Using type effectively is a complicated skill that can take years to master. It is a far broader subject than can be adequately covered in this short Web article, but these Top 10 Tips are a good place to start learning. Apply these tips to your own work and your type will immediately look better!

 1.
Always type only one space after a period or any punctuation that separates two sentences. Typing two spaces is a habit left over from the days of typewriters and monospaced fonts. With computer-based, proportional fonts it is no longer necessary to insert the extra space.

 2.
Don't underline, use italics instead. Underlining is another habit left over from typewriters.
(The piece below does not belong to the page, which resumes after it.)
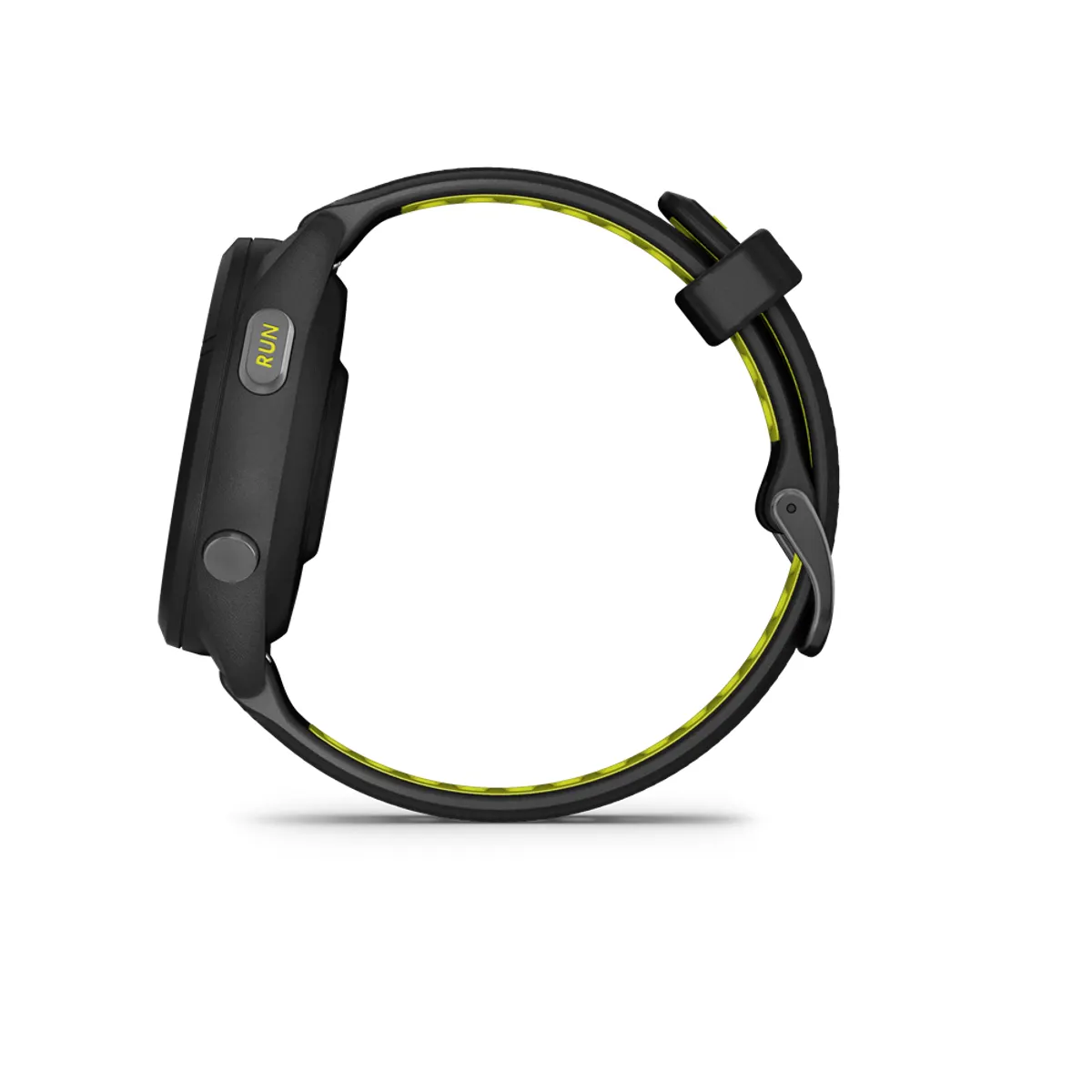 Garmin 010-02810-13 sportóra amoled 1,1" érintőképernyő gps glonass 42 mm 8 gb 24 ó gps mód 5 atm fekete sárga szíj #5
Underlines were originally proofreader's marks that signified "italics." If you don't want to use italics, try making the text bold, a bit larger, or even use a different font. Or if you really want to underline something, use a graphic rule instead of the underlining function.

 3.
Always use true "curly" quotation marks and apostrophes, not the "straight up and down" inch and foot characters on the keyboard. Curly quote characters are available as part of the Windows ANSI extended character set, in most high-quality fonts, at positions 0145, 0146, 0147, and 0148. See the Character Map utility that comes with Windows for additional information on extended characters.

 4.
Always make the space before an italic word (but not the space after it) italic as well. Since italic fonts slant to the right and usually take up less space than non-italic fonts, sometimes the space before the italic word looks a bit too large. Italicizing the space with the word makes it smaller, correcting the problem.

 5.
Never use all capital letters in body text and only rarely in headlines. All caps is hard to read because much of the variation in shape that helps the eye distinguish between letters is lost. Also, never set an ornate or script font in all capitals under any circumstances!

 6.
Avoid too many hyphenations in any paragraph, and never have more than two hyphenations in a row. Try left-aligning the text, rewording, adjusting letter or word spacing, widening the margins, kerning, or even adding spaces before the hyphenated word to move the whole word to the next line.

 7.
Always either indent the first line of paragraphs or add extra space between them, but don't do both. The indent should normally be equal to about one em, or roughly two space characters (but use tabs, not spaces, and remember that the first paragraph after a heading or subheading is NOT indented). For space between paragraphs, an entire extra carriage return is often too much. If your software has a feature to automatically adjust the space between paragraphs, set it to add space equal to about half a linespace.

 8.
Spend the time to manually adjust kerning pairs, especially in headlines. Well-kerned text is totally dependent on your eye, not the computer. The most important thing is to create visually consistent letterspacing, and the larger the letters, the more critical it is to adjust their spacing. Trust your judgment.

 9.
Try to keep line lengths to about 50 characters for maximum readability. As a general rule of thumb, an average line of type set in a serif font should be about ten words long, and sans serif lines should be a little shorter, about eight or nine words.

 10.
Never leave any widows or orphans on a page. A "widow" is a single word on a line, all by itself, at the end of a paragraph and an "orphan" is the first or last word or line of a paragraph, stranded at the bottom or top of a column. Rewrite the text, adjust letter spacing, or adjust margins.